I need to retain a value from a separate dataset within a data step:
 
Here is what I have:
message   value
new_good 0.5
retain         .
new_good 0.7
retain         .
retain         .
new_bad   0.6
retain         .
new_good 0.3
retain         .
retain         .
retain         .
and I also have a separate dataset:
data ultimately_good_value;
x=1;
run;
This dataset is generated by a macro that is invoked through call execute in each instance where the message is new_bad. I do not include this macro for simplicity.
 
This is what I would like to have:
message   value   true_value
new_good 0.5       0.5
retain         .          0.5
new_good 0.7       0.7
retain         .          0.7
retain         .          0.7
new_bad   0.6       1
retain         .           1
new_good 0.3       0.3
retain         .          0.3
retain         .          0.3
retain         .          0.3
So when the message is new_good or retain I want to retain the true_value as value.
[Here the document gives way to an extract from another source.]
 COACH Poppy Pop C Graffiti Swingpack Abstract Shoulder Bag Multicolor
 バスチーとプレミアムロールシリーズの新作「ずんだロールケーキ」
But when the message is new_bad I want to retain value x from the dataset ultimately_good_value.
Here is my code:
data values; infile datalines; input message $ value; datalines; new_good 0.5 retain . new_good 0.7 retain . retain . new_bad 0.6 retain . new_good 0.3 retain . retain . retain . ; run; data ultimately_good_value; x=1; run; *My intuition is that the solution lies in a call execute statement with proc sql inside; data values_want; set values;
retain true_value . ; if message = "new_good" then true_value=value; if message = "new_bad" then true_value = call execute ("proc sql; select x from ultimately_good_value; quit; run;"); run; *But since I do not see how to replace the true_value in the dataset with the outcome of
the proc execute statement, this approach does not work;
I would appreciate any insight.
@Financier: I am not quite sure why you want to create a dataset containing the "ultimately good value" and not just create a macro variable or a function to get it.
For instance, you can create a function with PROC FCMP:
proc fcmp outlib=work.funcs.test;
  function ultimately_good_value();
    return(1);
    endsub;
run;
options cmplib=work.funcs;
data values_want;
  set values; 
  retain true_value .;
  if message = "new_good" then true_value=value;
  if message = "new_bad" then 
  true_value = ultimately_good_value();
run;Or, even simpler, put the value in a macro variable:
%let ultimately_good_value=1; data values_want; set values; retain true_value .; if message = "new_good" then true_value=value; if message = "new_bad" then true_value = &ultimately_good_value.; run;
But if, for some obscure reason, you have to invoke a datastep and use that, you can do it with DOSUBL():
data values_want;
  set values; 
  retain true_value .;
  if message = "new_good" then true_value=value;
  else if message = "new_bad" then do;
    _RC=dosubl('Data ultimately_good_value;x=1;run;');
    _dsid=open('ultimately_good_value');
    _RC=fetch(_dsid);
    true_value = getvarn(_dsid,varnum(_dsid,'x'));
    _RC=close(_dsid);
    end;
  drop _:;
run;Only remember to call close(_dsid); otherwise the next call to DOSUBL will fail.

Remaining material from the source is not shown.